The second observation is that there is considerable support in all jurisdictions reviewed for the view that “true” or “core” policy decisions should be protected from negligence liability.  The current Canadian approach holds that only “true” policy decisions should be so protected, as opposed to operational decisions.  The difficulty in defining such decisions does not detract from the fact that the cases keep coming back to this central insight […]

  In short, the representations on which the third-party claims rely were part and parcel of a government policy to encourage people who continued to smoke to switch to low-tar cigarettes.   This was a “true” or “core” policy, in the sense of a course or principle of action that the government adopted.   The government’s alleged course of action was adopted at the highest level in the Canadian government, and involved social and economic considerations.  Canada, on the pleadings, developed this policy out of concern for the health of Canadians and the individual and institutional costs associated with tobacco-related disease.  In my view, it is plain and obvious that the alleged representations were matters of government policy, with the result that the tobacco companies’ claims against Canada for negligent misrepresentation must be struck out.”

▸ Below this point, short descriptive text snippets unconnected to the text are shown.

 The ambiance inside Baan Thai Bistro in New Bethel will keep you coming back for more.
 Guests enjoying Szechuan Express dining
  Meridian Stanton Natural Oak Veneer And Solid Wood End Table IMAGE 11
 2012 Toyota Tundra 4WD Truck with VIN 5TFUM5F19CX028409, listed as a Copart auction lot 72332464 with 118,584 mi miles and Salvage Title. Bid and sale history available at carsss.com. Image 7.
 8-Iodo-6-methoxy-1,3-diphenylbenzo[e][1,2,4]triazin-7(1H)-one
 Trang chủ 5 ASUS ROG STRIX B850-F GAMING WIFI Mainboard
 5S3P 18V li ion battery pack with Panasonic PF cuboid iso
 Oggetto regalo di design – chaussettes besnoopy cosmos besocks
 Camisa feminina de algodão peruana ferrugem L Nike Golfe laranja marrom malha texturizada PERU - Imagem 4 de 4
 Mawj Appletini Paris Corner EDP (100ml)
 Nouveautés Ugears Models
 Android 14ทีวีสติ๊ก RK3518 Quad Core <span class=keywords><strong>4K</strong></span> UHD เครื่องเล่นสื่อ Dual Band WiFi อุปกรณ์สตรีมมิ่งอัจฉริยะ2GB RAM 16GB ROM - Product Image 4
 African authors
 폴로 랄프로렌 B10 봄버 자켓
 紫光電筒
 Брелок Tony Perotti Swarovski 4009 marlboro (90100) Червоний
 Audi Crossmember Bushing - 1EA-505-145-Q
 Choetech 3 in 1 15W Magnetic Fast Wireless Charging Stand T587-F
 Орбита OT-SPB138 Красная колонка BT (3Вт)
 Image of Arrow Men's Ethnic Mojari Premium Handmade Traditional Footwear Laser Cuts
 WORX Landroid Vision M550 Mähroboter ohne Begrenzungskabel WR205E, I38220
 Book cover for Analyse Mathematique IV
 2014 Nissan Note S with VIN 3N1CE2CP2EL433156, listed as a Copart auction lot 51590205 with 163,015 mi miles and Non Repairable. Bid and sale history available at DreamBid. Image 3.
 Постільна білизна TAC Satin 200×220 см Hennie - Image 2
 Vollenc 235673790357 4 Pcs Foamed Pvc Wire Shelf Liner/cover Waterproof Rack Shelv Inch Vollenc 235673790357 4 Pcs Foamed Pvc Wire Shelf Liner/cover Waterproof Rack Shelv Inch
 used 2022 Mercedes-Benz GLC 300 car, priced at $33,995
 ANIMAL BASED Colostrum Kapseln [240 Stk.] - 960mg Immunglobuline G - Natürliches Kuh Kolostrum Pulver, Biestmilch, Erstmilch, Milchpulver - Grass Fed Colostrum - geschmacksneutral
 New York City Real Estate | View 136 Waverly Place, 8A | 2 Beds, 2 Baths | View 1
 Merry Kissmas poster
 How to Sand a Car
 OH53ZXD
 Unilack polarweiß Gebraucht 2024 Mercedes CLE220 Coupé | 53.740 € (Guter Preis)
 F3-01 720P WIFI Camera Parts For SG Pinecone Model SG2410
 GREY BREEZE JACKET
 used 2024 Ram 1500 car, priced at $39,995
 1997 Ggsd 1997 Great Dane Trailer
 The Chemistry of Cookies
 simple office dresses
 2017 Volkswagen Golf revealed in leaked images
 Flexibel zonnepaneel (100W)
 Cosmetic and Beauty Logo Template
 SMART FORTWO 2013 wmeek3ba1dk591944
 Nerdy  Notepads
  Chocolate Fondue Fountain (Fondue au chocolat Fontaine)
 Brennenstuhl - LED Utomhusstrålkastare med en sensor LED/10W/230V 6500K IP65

Finally, in Hinse, the SCC addresses the proper standard for establishing fault (in the CML).

Hinse v. Canada, SCC [2015]

Key passage: “In our opinion, a standard of bad faith that encompasses serious recklessness as defined in Finney and applied in Sibeca is consistent with the logic of Quebec’s principles of civil liability. Moreover, this standard is akin to the concept of gross fault, which includes gross recklessness.

This standard is of course higher than the standard of simple fault that the trial judge incorrectly applied in the case at bar. A simple fault such as a mistake or a careless act does not correspond to the concept of bad faith that defines the limits of the Crown’s qualified immunity. Moreover, it would be paradoxical if the exercise of the Minister’s power of mercy were subject to a reasonableness standard on judicial review while being considered from the standpoint of a simple fault in extracontractual liability.

In sum, decisions of the Minister that are made in bad faith, including those demonstrating serious recklessness — as defined in Finney and Sibeca — on the Minister’s part, fall outside the Crown’s qualified immunity. Bad faith can be established by proving that the Minister acted deliberately with the specific intent to harm another person. It can also be established by proof of serious recklessness that reveals a breakdown of the orderly exercise of authority so fundamental that absence of good faith can be deduced and bad faith presumed. It is with this in mind that the duty owed by the Minister when exercising his or her power of mercy must be analyzed.”